Aus welcher Richtung man sich auch Wolgast näherte, immer blickte man auf den gewaltigen Bau, jene einstige Hofkirche der Pommernherzöge. Auf dieser Anhöhe unweit des Peenestroms hatten vermutlich auch schon die Slawen ihren Tempel "Gerovit" geweiht, dem Schutzgott der slawischen Siedler. Die ältesten, noch heute erkennbaren Baureste der ersten steinernen Kirche stammen aus dem 13. Jahrhundert und sind durch ein spitzbogiges Portal mit Wulstprofil an der Südwand des Turmraumes erkennbar. Seit 1295 wurde die St. Petri Kirche, als einzige Pfarrkirche der Stadt, fürstliche Hofkirche. Der heutige Bau des sakralen Gebäudes wurde erst in den 70er Jahren des 14. Jahrhunderts begonnen und Anfang des 15. Jahrhunderts als dreischiffige Basilika fertiggestellt. Spätestens seit 1415, als der erste pommersche Fürst, Wartislaw VIII. hier bestattet wurde, diente die St. Petri Kirche auch als pommern-herzogliche Begräbnisstätte.

Aus dieser Zeit sind die Reste der mittelalterlichen Malereien in den Gewölben und an den Pfeilern des Chorumgangs erhalten. Die Kirche ist mehrfach ausgebrannt. So in den Jahren 1512, 1628, 1713 und am 9. April 1920, als ein Blitz den damals 80 Meter hohen Kirchturm traf. Deshalb besitzt der Turm heute keine barocke Turmhaube mehr, sondern nur ein Zeltdach. Einer der interessantesten Kirchenbauten von Wolgast ist die St.-Gertrud-Kapelle. Sie zählt zu den besonderen architektonischen Kleinodien Pommerns.
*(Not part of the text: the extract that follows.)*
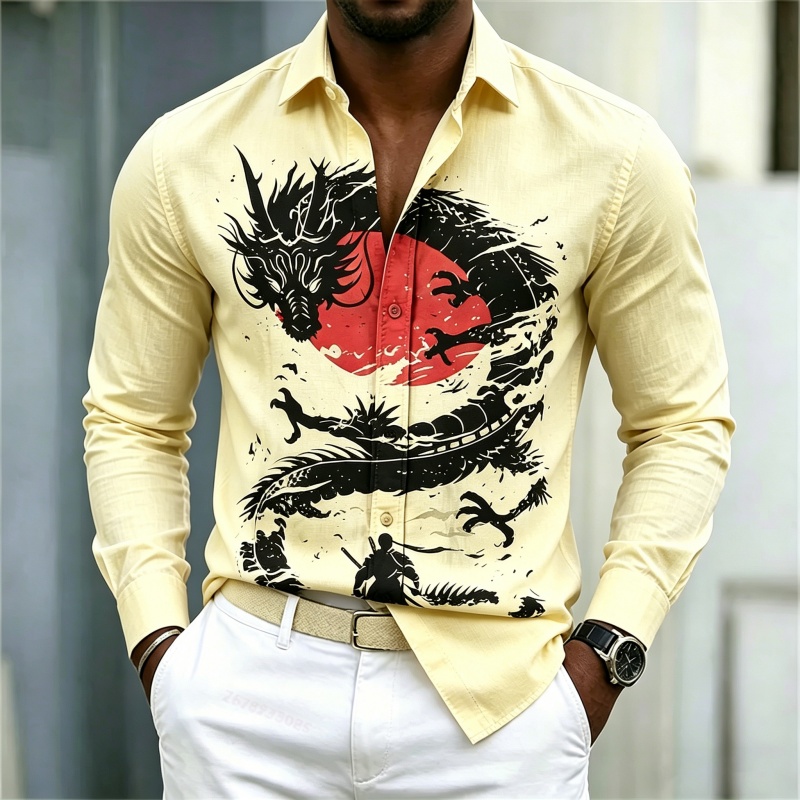 Camicia da uomo 2026 nuova, bi - Street Fashion In China recensione e prezzo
Von den ursprünglich über 31 Gertruden-Kapellen ist die Wolgaster Kirche heute die einzige ihrer Art in Vorpommern. Als Nachbildung des heiligen Grabes in Jerusalem wurde die Kapelle auf einer Mittelsäule mit 12 Ecken in Backstein ausgeführt. Ein prächtiges Sterngewölbe ziert die Decke des Kirchenraumes.

Bedeutendster Sohn der Stadt ist der 1777 geborene Philipp Otto Runge. Er gilt heute als Begründer der Romantischen Kunst in Deutschland. Sein Geburtshaus, welches heute ein Museum ist, steht in der Nähe des Hafens. Auch die einstige herzogliche Kanzlei, weitere zwei Kirchen, einige interessante Kaufmannshäuser, die Stadtapotheke, ja sogar ein Bauhausgebäude am Markt und natürlich das stadtgeschichtliche Museum "Kaffeemühle" lohnen einen Besuch. Seit der Wende von 1990 wurden viele Häuser der Innenstadt saniert, eine neue Klappbrücke über die Peene wurde eingeweiht und die kleine Stadt blühte wieder einmal neu auf.